Captioned web images:
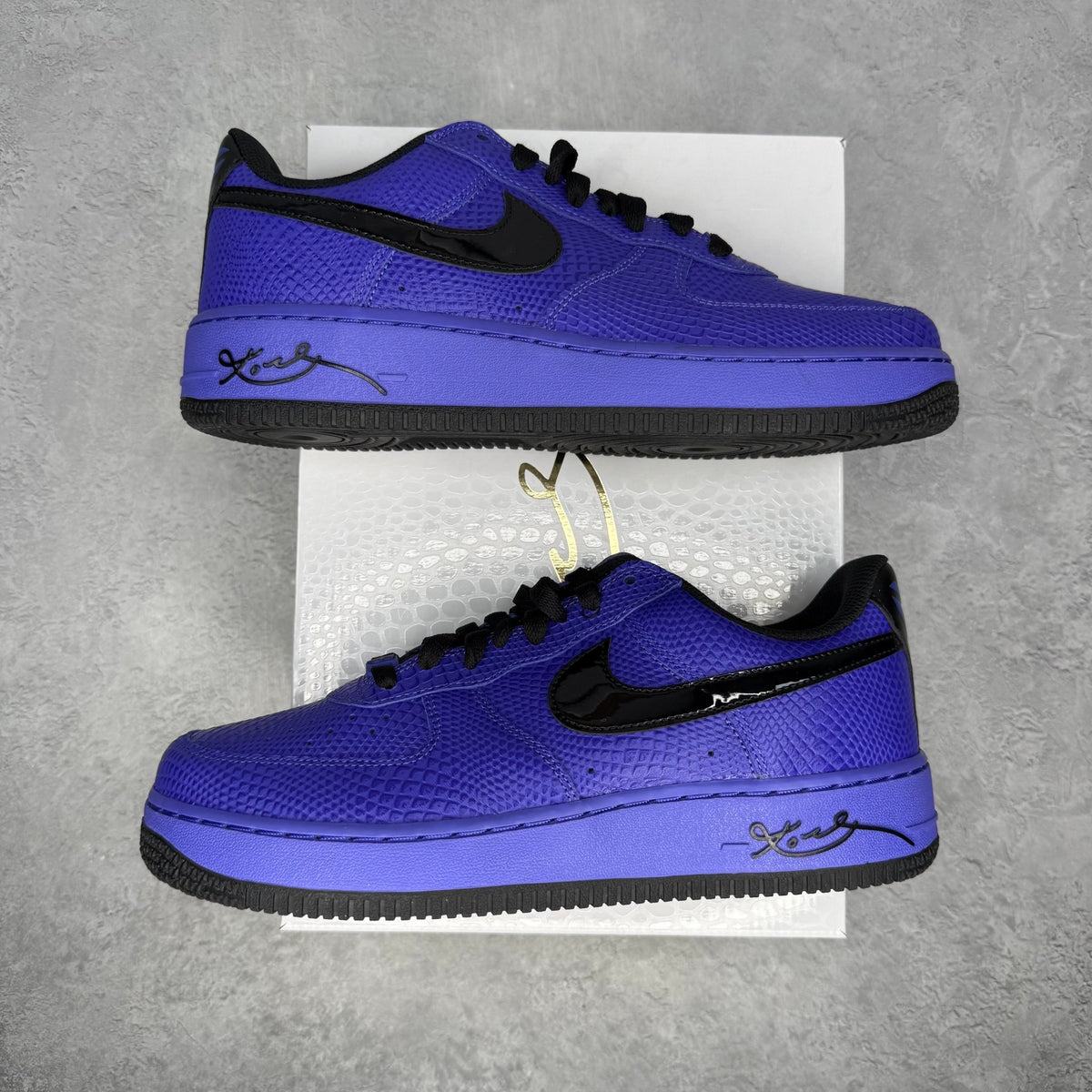 Nike Air Force 1 Low Protro Kobe Bryant x FC Barcelona Persian Violet *pre-owned* SIZE 10 - Kicks Collective PA - Nike - II7062-500 - Men's Shoes - 10M/11.5W - Pre-Owned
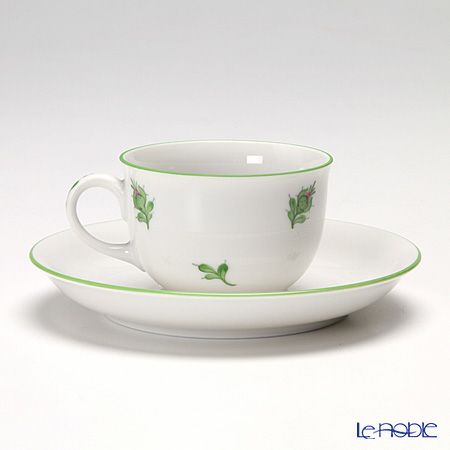 アウガルテン（AUGARTEN） ウィンナーローズ（5089） モカカップ＆ソーサー 80ml ペア（001）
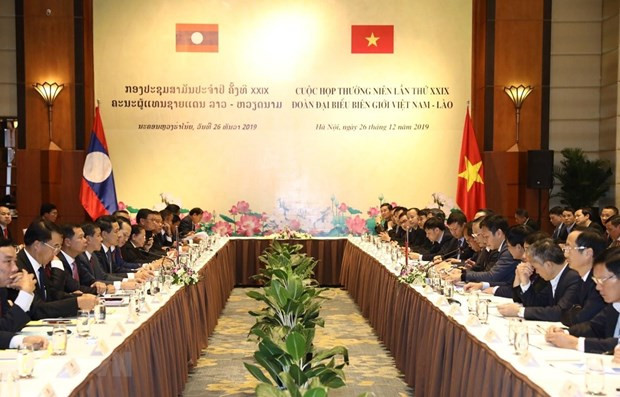 Réunion annuelle sur la frontière Vietnam - Laos à Hanoi ảnh 1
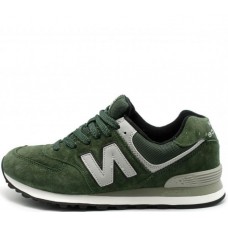 Кроссовки New Balance женские 574 без сетки Green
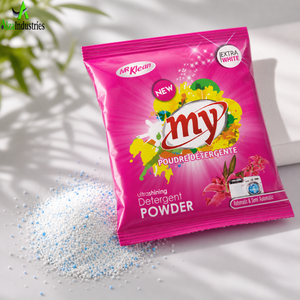 Rose Fragrance OEM Laundry Detergent Powder | High Foam Ultra White <b>Clothes</b> Cleaner | Strong Stain Remover Bulk Export Quality - Product Image 2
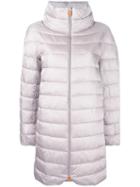 Save The Duck Padded Coat, Women's, Size: 4, Grey, Nylon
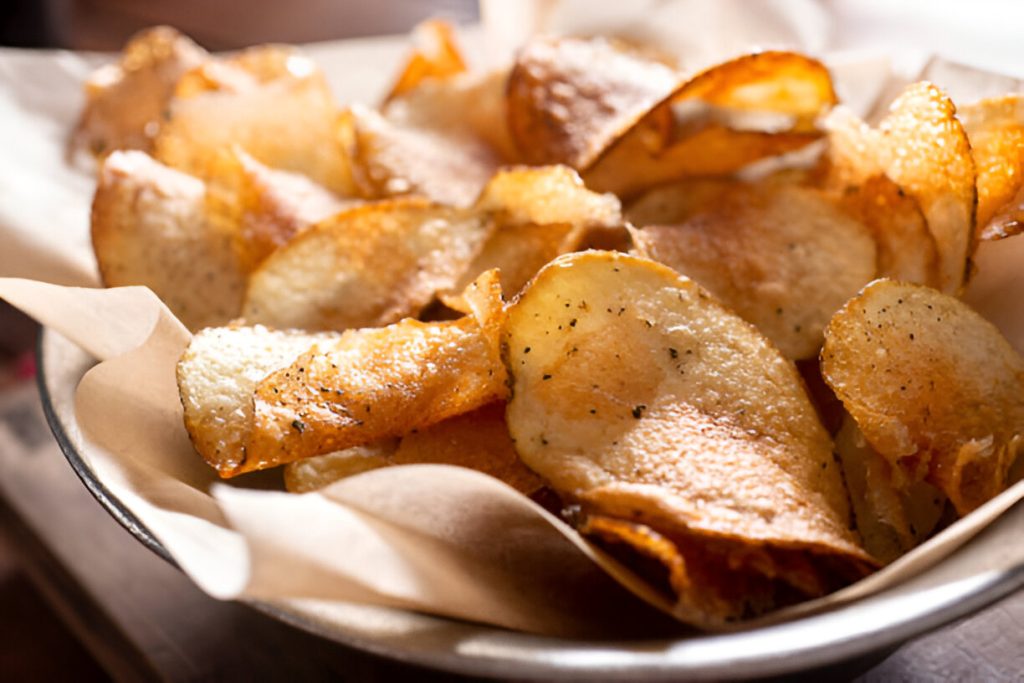 Baked Potatoes Chips Recipe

> Directions for this task
Could you set down every record above word for word, leaving out the pictures?

> Answer
 Nike Air Force 1 Low Protro Kobe Bryant x FC Barcelona Persian Violet *pre-owned* SIZE 10 - Kicks Collective PA - Nike - II7062-500 - Men's Shoes - 10M/11.5W - Pre-Owned
 アウガルテン（AUGARTEN） ウィンナーローズ（5089） モカカップ＆ソーサー 80ml ペア（001）
 Réunion annuelle sur la frontière Vietnam - Laos à Hanoi ảnh 1
 Кроссовки New Balance женские 574 без сетки Green
 Rose Fragrance OEM Laundry Detergent Powder | High Foam Ultra White <b>Clothes</b> Cleaner | Strong Stain Remover Bulk Export Quality - Product Image 2
 Save The Duck Padded Coat, Women's, Size: 4, Grey, Nylon
 Baked Potatoes Chips Recipe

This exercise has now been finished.